The developers have done a great job showcasing what it’s like living in Nazi Germany from its beginning to its end, and they definitely don’t skim out on any details. The news will always be terrible, and there’ll be a mini story between each day where you have to make a difficult choice. The delivery of the story in those moments is what sells the title, as those choices will shape the lives of people around you and you have to balance doing what’s right with accomplishing the greater good. An example of this was having the choice of helping a Jewish family by sheltering them in a German-only bunker to save them from the airstrikes overhead, or refusing to take them in so that pro-Nazi Germans wouldn’t report you to the Gestapo. Ultimately, you’ll be stressed and mentally exhausted with each choice you have to make as the narrative doesn’t miss a beat in making you feel that way.

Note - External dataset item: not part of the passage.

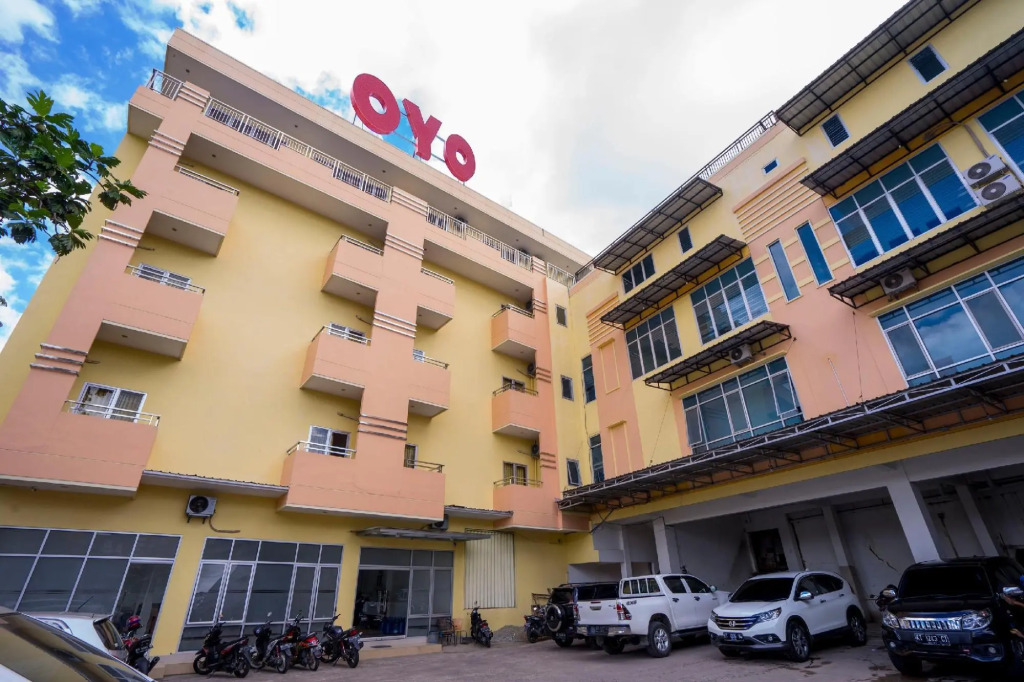 OYO 2695 D'es Guest House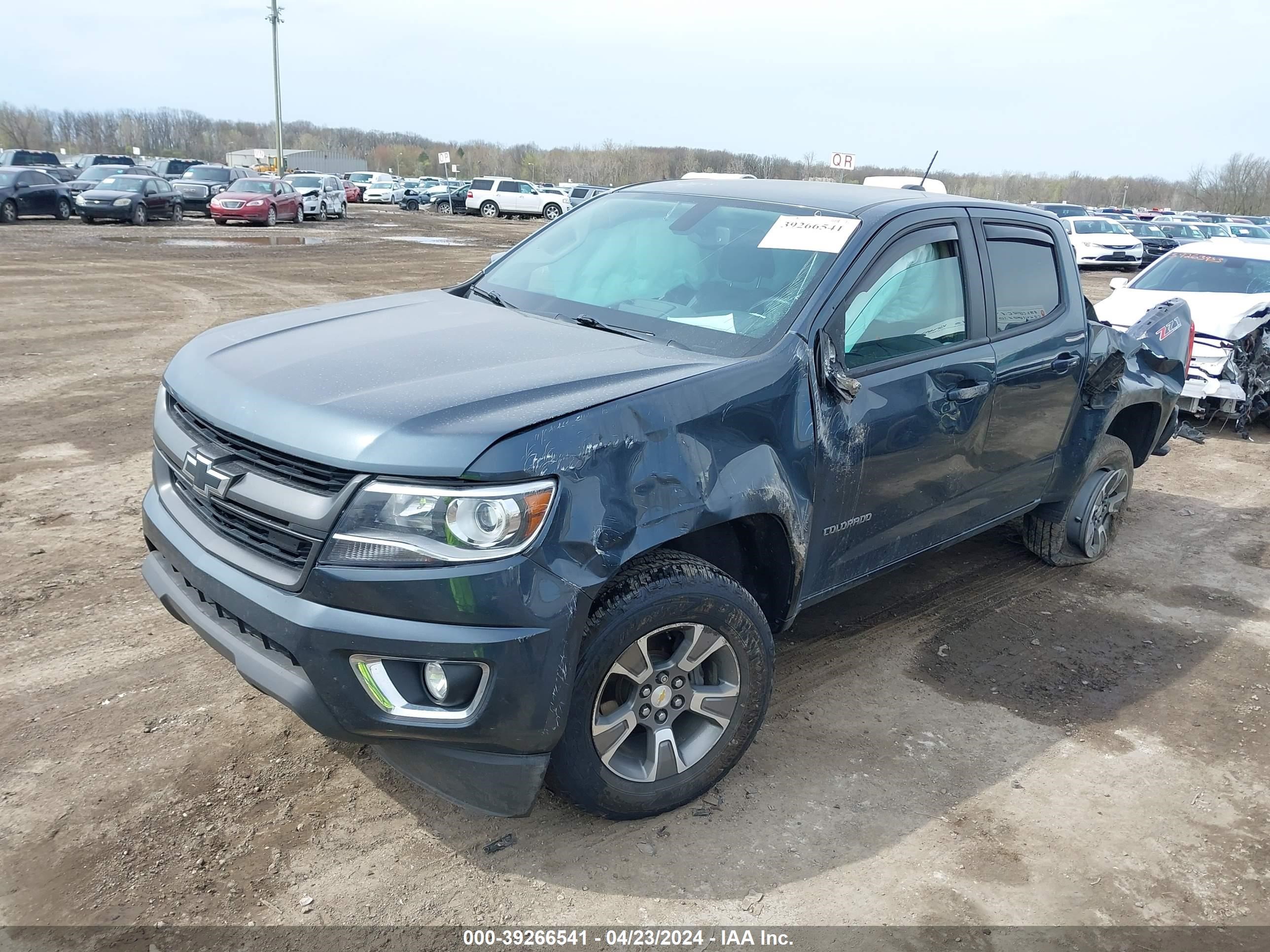 2019 Chevrolet Colorado Z71 vin: 1GCGTDEN4K1120625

All this being said, the story really hits a certain way on the first playthrough, and not so much on the second. A second playthrough will have you notice that each plot point was crafted to showcase the horrors of that period, and that your actions really don’t make much difference to the overall story. Even on the first, you’ll notice how little your actions ultimately make in the world once you reach the final couple chapters. And for the available major attacks on Nazi Germany, it’s too difficult to reach them in the first place since you’ll have to battle avoiding sending your members to their demise and the limited amount of resources available to get there. At any point things can, and will, go wrong, and you’ll have to pray that RNG is in your favour with each dangerous action taken. However, it may just be the devs showcasing that each action, be it big or small, is still an important action to take as the lives of the few are just as important as the lives of many. So, if you’re going in there hoping to go from zero to hero and save the lives of millions, I’ll save you the time — it isn’t that kind of title, and you won’t accomplish anything that will ultimately change the course of history.
Through the Darkest of Times
Not many games have you play the underdog from beginning to end. It’s tense, and each passing day keeps you on edge. You’ll be emotionally invested in trying to keep your members, friends, family, and even strangers safe as you make choices that will shape your life and their future. Although a second playthrough doesn’t hit the same way emotionally as the first, it’s still a fantastic title to understand the heart-wrenching reality of that period.